[Short text fragments from websites]
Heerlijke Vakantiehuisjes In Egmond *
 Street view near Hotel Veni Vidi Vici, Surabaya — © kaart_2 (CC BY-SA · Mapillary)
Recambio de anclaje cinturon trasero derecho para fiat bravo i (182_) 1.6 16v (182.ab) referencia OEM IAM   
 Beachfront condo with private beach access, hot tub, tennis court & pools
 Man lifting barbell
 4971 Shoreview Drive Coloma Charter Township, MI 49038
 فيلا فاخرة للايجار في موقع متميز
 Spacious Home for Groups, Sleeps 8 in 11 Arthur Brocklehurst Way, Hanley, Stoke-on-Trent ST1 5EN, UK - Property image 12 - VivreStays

> [PROBLEM STATEMENT]
From the first line through the last, give the data above again exactly.

> [RESPONSE AREA]
Heerlijke Vakantiehuisjes In Egmond *
 Street view near Hotel Veni Vidi Vici, Surabaya — © kaart_2 (CC BY-SA · Mapillary)
Recambio de anclaje cinturon trasero derecho para fiat bravo i (182_) 1.6 16v (182.ab) referencia OEM IAM   
 Beachfront condo with private beach access, hot tub, tennis court & pools
 Man lifting barbell
 4971 Shoreview Drive Coloma Charter Township, MI 49038
 فيلا فاخرة للايجار في موقع متميز
 Spacious Home for Groups, Sleeps 8 in 11 Arthur Brocklehurst Way, Hanley, Stoke-on-Trent ST1 5EN, UK - Property image 12 - VivreStays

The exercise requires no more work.